I think the white berried shrub is Snowberry, Symphoricarpus albus. Can be rather invasive.
Oh thank you. Shall chase up!
Hi Prue, for the first time I landed on teh front page of your website rather than straight to your blog and discovered you’re an author. Wonderful!
I’m pleased to see you’re growing acis. I’ve seen them in my bulb catalogues and always thought they looked very pretty. I hope you get some flowers as I think we’d all enjoy seeing them.
Yes, Katharine. For my sins, I’m an author. Naughtily though, I spend much more time procrastinating in the garden than writing. Re acis – as soon as it flowers, I’ll post pics. I’d never heard of it till it popped up in my favourite seasonal catalogue. Looks sweet so I’d thought I’d give it a go.
I have muscari appearing as well, and it seems early to me. I have never heard of Acis autumnalis before, and had to find some photos on the internet. What a pretty thing it is. I don’t know where you are, but I’m guessing much further south than us. Our summer has been similar, but not cold, just pretty dreary a lot of the time and rather windy. Today (March1st) is glorious. Days still in the 30s however. Autumn weather in the offing!
Hi Jane. Yes, much further south – Tassie. A drear summer so unlike the years when we have El Nino, but then we pay the price with drought on the farm. Being an ocean swimmer and a bit of a boatie, the reverse weather stream, La Nina, has disappointingly made us grey and very windy. We’ve had very few days in the high 20’s and 30’s. Bring on autumn – I love the mild clear blue days, still warm enough for swimming. Last year’s Lockdown was heavenly.

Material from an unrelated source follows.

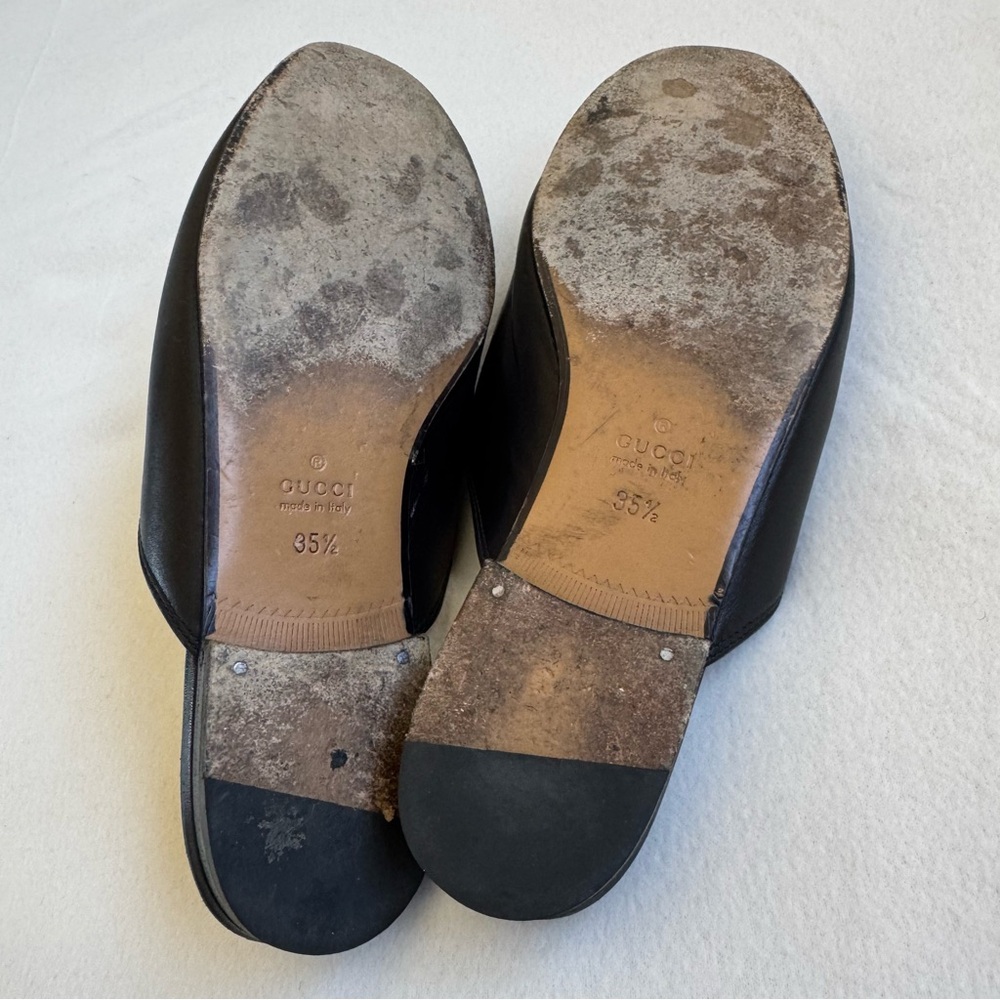 GUCCI Calfskin Crystal Tiger Embroidered Princetown Slippers - Picture 5 of 10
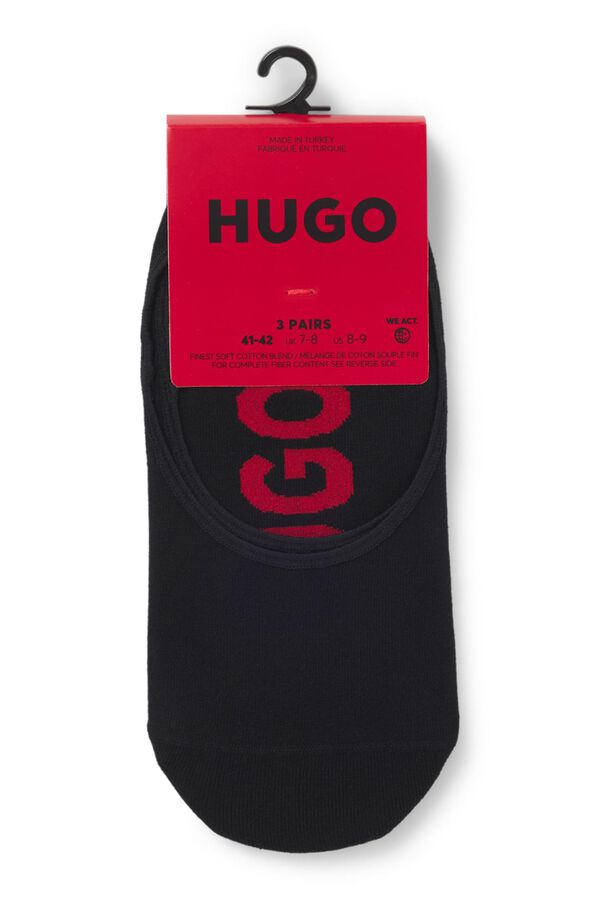 HUGO Pack tres calcetines Negro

A coddywomple! I had a good laugh when I read that one! .
Isn’t it fab? I didn’t believe it was a real word when I first heard it, but it is. It apparently appeared online in 2010 and is now entrenched in urban slang. Not yet in the OED.
I feel I’ve been having a coddywomple for the last year, I just didn’t know the name! Your Auriculas do seem very keen.
Fabulous word for this last 12 months, isn’t it?